It has been a bear quarter for ConocoPhillips (NYSE: COP), a major oil company.
Energy prices have been weak due to lesser demand and greater supply. United States Oil (NYSE: USO), the exchange traded fund for oil, is down more than 18 percent for the last quarter of market action. Over that same period, ConocoPhillips fell by more than ten percent.
But ConocoPhillips is up for the last week and month of trading (chart below).
There are many reasons for investors to be long term bulls about ConocoPhillips. Global demand for oil and natural gas will increase when growth picks up in China, India, and other emerging market nations. When that happens, the price of oil and natural gas will rise.
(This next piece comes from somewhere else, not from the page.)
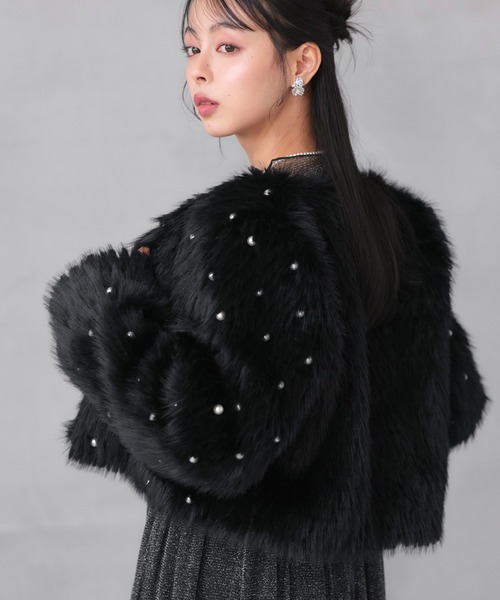 RUIRUE BOUTIQUE（ルイルエブティック）の「パール × エコファー フラッフィー パーティー ジャケット ｜ アウター / ファーコート / コート / ショートコート / エコファーコート（その他アウター・レディース・ホワイト/ピンク/ベージュ/ブラック・L/M）」の10枚目の写真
So, too, should the stock price for ConocoPhillips, United States Oil, and other assets in the energy sector.
ConocoPhillips is certainly priced attractively for growth investors, at the present. The price-to-earnings ratio is just 12.29. Eanings per share over the next five years are projected to be much higher than those next year. That is a very bullish trend anticipated for the future that should appeal to growth investors.
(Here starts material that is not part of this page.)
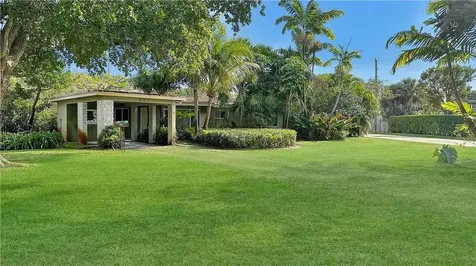 260 NW 36th Street Oakland Park FL 33309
For income investors, ConocoPhillips is appealing right now!
The current dividend yield is over 4 percent. That is about twice the average for a member of the Standard & Poor’s 500 Index (NYSE: SPY). In addition, ConocoPhillips has a history of dividend growth. When the amount of the dividend is increased, shareholders get a raise simply for not selling the stock!
Warren Buffett is also a shareholder of ConocoPhillips. That obviously increases the allure of any investment when “The Oracle of Omaha” is on board for the long term! Buffett owns other oil company stock such as ExxonMobil (NYSE: XOM). Buffett is obviously bullish on the oil and natural gas sector as ExxonMobil is the world’s biggest energy firm.